NOTE: my pybind11 bindings are likely different to yours as my bindings are from huelse's seal-python repository but if they are consistently named I dont think that should add too much confusion. And this repository is super early stage still so not a lot of documentation has been added, sorry.

@DreamingRaven
Copy link
Contributor Author

DreamingRaven commented Jul 14, 2020

The key thing I have found from doing this is that we don't need to make everything serialisable, only the primitives, parameters, ciphertext and keys. The rest (workers like keygen and encoder etc) can be regenerated on the fly as you can see in the above mentioned meta object ReSeal.

E.G context is always rebuildable from parameters consistently, so even if the context object is rebuilt every time between generating keys and ciphertext etc the output is still properly decryptable. So I combine this with a Caching scheme to speed things up so we dont have to rebuild it every time, and just discard the cache when its time to serialise, so we get the best of having the objects stored for speed, but the ability to store a relative subset of the objects that are minimally required to rebuild the rest.

EDIT: I realise now though that this might be at a higher level than you guys will end up tackling it, but hey its something maybe to help.

@youben11
Copy link
Member

@DreamingRaven Bogdan just made TenSEAL context serializable using pickle. Whenever we add the feature for serializing CKKSVector then we will be able to implement client/server apps!

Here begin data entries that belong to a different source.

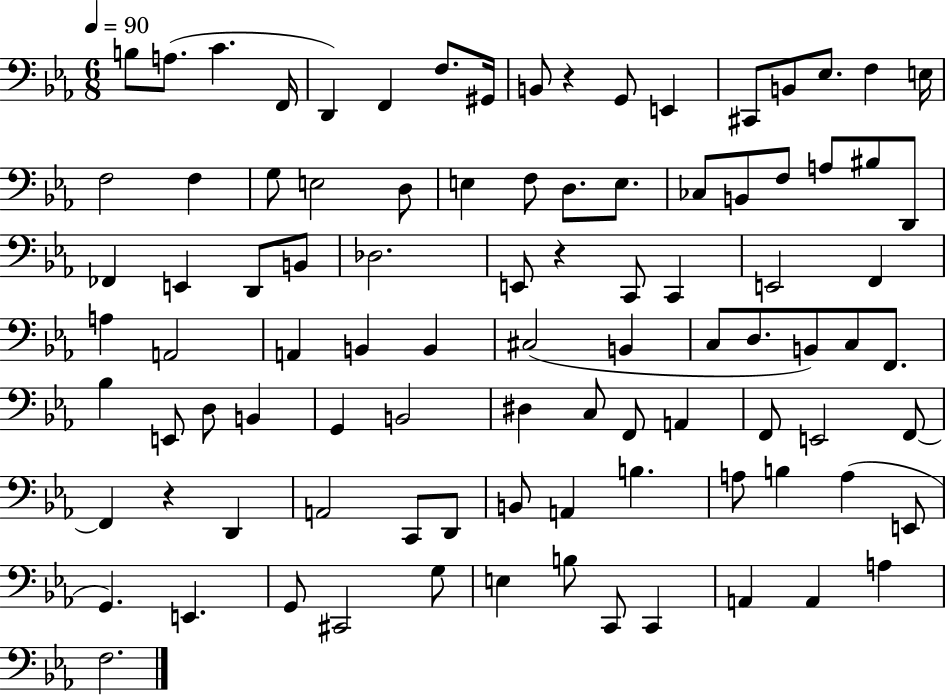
{
  \clef bass
  \numericTimeSignature
  \time 6/8
  \key ees \major
  \tempo 4 = 90
  \repeat volta 2 { b8 a8.( c'4. f,16 | d,4) f,4 f8. gis,16 | b,8 r4 g,8 e,4 | cis,8 b,8 ees8. f4 e16 | \break f2 f4 | g8 e2 d8 | e4 f8 d8. e8. | ces8 b,8 f8 a8 bis8 d,8 | \break fes,4 e,4 d,8 b,8 | des2. | e,8 r4 c,8 c,4 | e,2 f,4 | \break a4 a,2 | a,4 b,4 b,4 | cis2( b,4 | c8 d8. b,8) c8 f,8. | \break bes4 e,8 d8 b,4 | g,4 b,2 | dis4 c8 f,8 a,4 | f,8 e,2 f,8~~ | \break f,4 r4 d,4 | a,2 c,8 d,8 | b,8 a,4 b4. | a8 b4 a4( e,8 | \break g,4.) e,4. | g,8 cis,2 g8 | e4 b8 c,8 c,4 | a,4 a,4 a4 | \break f2. | } \bar "|."
}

Please let us know how you feel about it :)

@DreamingRaven
Copy link
Contributor Author

DreamingRaven commented Jul 18, 2020

@youben11 thanks for letting me know. I will give context serialization a spin when I get back to my desk and let you know if there are any issues..

Hopefully this can replace my existing workaround in my research, which would be amazing.

I don't think its going to be very long before we start seeing FHE more and more in the field to start tackling very sensitive mostly untouched data. Its just a shame I wish I could find a way to add bootstrapping to MS-SEAL for arbitrary depth computation albeit with added noise, as that I believe is the big barrier for many libraries to be used in encrypted deep learning as a service applications.

@youben11
Copy link
Member

Indeed bootstrapping can let us compute circuits of arbitrary depth, however, its computation cost is still impractical as far as I know. Many research have been focusing on the use of Leveled-HE with optimized circuits and batching for implementing practical use cases.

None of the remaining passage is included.